While the company is known today for its support as a distributor, Van den Berg admits that he was hesitant at first to enter the automation sector. He says he even avoided the PLC market because of the after-sales support these products require, until he realised the opportunities in terms of auxiliaries such as contactors, relays and timers.

He says the product line items today total 18 000, and are turned over three to four times a year on average, despite some products that can be shelf-bound for years. These are kept on the books to maintain the completeness of some ranges. The company carries around R300-million worth of stock at present.

When asked about the best-performing line brands in the stable, Van den Berg singles out Hager and Lovato, as well as Delta and French switch line Socomec. He says the company recently introduced power products, the most successful of which being in energy metering for large projects. These products, like all the company’s lines, are dispatched via a new distribution centre at its head office in Wynberg.

Branches and distribution

Van den Berg says ElectroMechanica does not distribute via franchises, opting instead to open branches countrywide. He says plans are underway to open further branches, in addition to those at Durban and Cape Town, the first of which being the recent opening of the East Rand branch. All branches, he says, are run independently as business units, complete with their own stockholding and controls, and with their own customer bases.

The company also has a manufacturing arm for its in-house range of electronic monitoring equipment such as plug-in devices and timers. A drive to complement its range with locally-manufactured product has seen ElectroMechanica venture into plastic trunking manufacture for its team of panel builders.

Challenges

A hurdle facing the local market at present is the shortage of skills in South Africa. ElectroMechanica responds to this by way of personnel training, both in-house and abroad.

Van den Berg says Hager and Socomec have deployed three paid staff members to the company’s premises to attend to sales and service. Another vendor has also requested him to employ a person dedicated to its product.

Van den Berg takes the ElectoMechanica catalogue seriously. The 2017 edition was almost two years in the making and contains an additional 40 pages of products. He regards it as a critical tool to bring exposure to the company, and to serve as a tool of reference to the industry.

Succession

Speaking on the future of ElectroMechanica, Van den Berg says there comes a time in any business’ lifetime when the “old man” must move over to make way for young blood. Where the older generation stays on, businesses tend to plateau and eventually to “start going downwards”.

“I’ve always said I never want to be that person, but at the moment I am turning into that person. I’m still hanging on.”

The fact is that ElectroMechanica has employed a number of young people in recent years. Van den Berg’s son, Richard, a minor shareholder, joined the company as a warehouse packer some ten years ago. He migrated through the ranks and is currently involved in implementing a new accounting software system.

“He’s definitely the one who’s going to be taking over from me.
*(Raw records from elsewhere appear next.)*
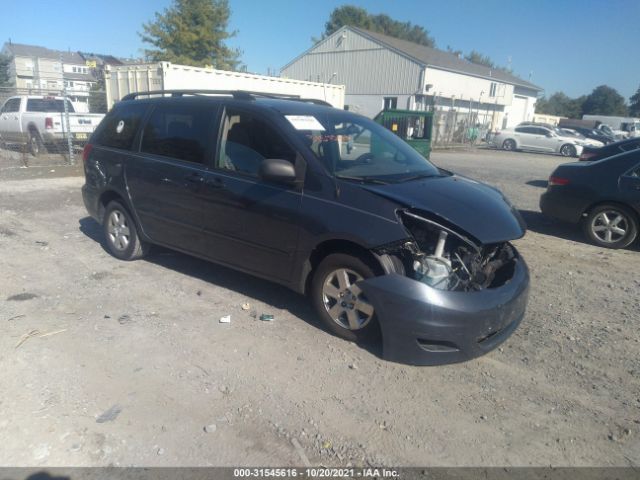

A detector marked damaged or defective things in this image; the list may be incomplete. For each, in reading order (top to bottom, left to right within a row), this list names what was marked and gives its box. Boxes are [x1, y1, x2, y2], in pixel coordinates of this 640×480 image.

damaged blue minivan [81, 90, 528, 366]
dented hood [362, 173, 528, 244]
crumpled front bumper [358, 255, 528, 364]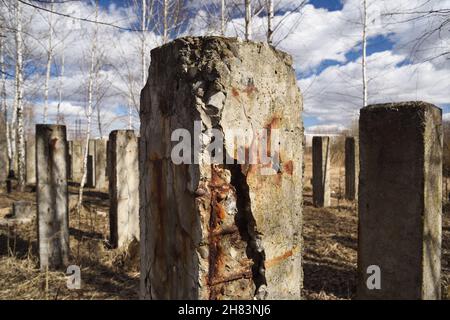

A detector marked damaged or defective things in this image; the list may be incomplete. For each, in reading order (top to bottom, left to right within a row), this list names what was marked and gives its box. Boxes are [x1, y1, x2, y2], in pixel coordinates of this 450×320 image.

cracked concrete pillar [36, 124, 70, 270]
cracked concrete pillar [108, 129, 140, 248]
cracked concrete pillar [141, 37, 302, 300]
cracked concrete pillar [312, 136, 330, 208]
cracked concrete pillar [358, 102, 442, 300]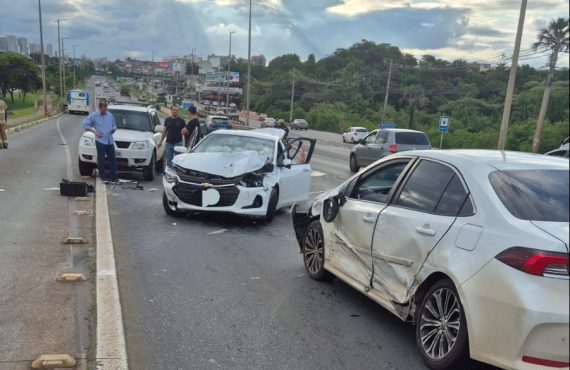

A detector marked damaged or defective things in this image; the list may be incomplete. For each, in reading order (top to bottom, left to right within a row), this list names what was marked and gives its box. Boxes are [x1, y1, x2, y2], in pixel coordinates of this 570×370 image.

crumpled front hood [171, 151, 266, 178]
crashed vehicle [162, 129, 316, 221]
damaged white sedan [162, 130, 316, 223]
crashed vehicle [290, 150, 564, 370]
damaged white sedan [290, 150, 564, 370]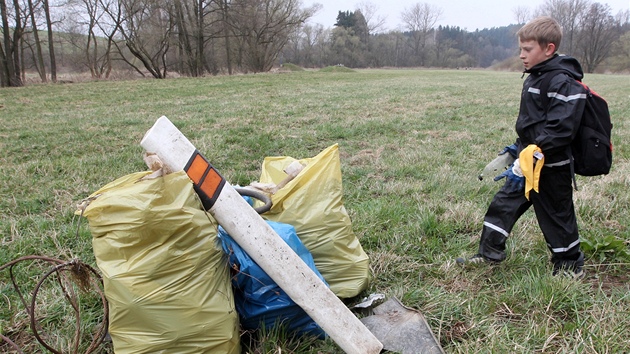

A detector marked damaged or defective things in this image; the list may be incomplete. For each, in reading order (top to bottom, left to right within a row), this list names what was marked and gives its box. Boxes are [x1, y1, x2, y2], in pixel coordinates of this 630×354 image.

rusty metal wire [0, 256, 109, 352]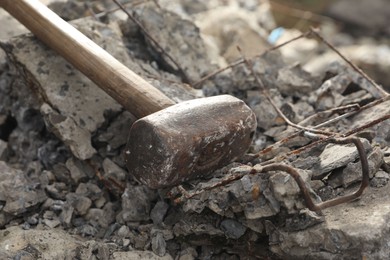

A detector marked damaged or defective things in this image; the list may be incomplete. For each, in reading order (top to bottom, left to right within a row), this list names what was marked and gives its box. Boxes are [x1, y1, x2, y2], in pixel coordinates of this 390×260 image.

rusty metal surface [125, 94, 258, 188]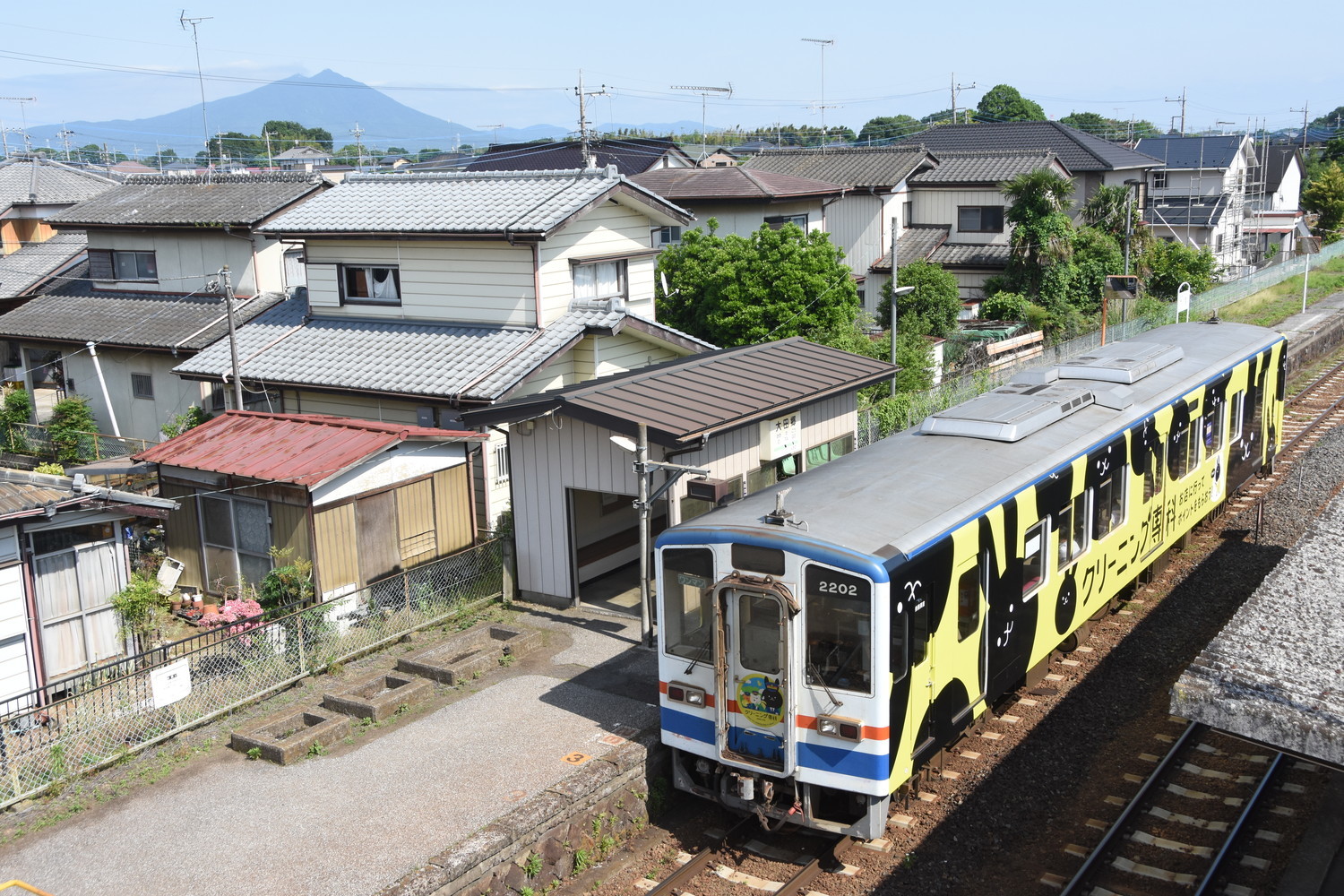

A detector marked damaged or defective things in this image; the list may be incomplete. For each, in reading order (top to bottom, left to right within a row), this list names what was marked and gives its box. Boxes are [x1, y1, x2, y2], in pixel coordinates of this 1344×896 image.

rusty red metal roof [131, 410, 487, 486]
My plan is to move out slowly, to be in the background for when I am needed.”

The future

In terms of growth prospects, Van den Berg says the company is focused on systems and solutions. The 2017 catalogue introduces a range of sensors to complement its automation products, variable-speed drives (VSDs), programmable logic controllers (PLCs), and the Panasonic range of sensors, proximity and solar electric switches.

When asked about the secret of the longevity of his company, Van den Berg stresses “service, service, service”. The secret of the success behind ElectroMechanica, he says, is to provide the best possible service at all times.

“We know that we are not the cheapest”, he says. “We cannot compete with some foreign Oriental product which enters the country at very low prices. But we offer a level of service that very few people can achieve, and that’s been our success”.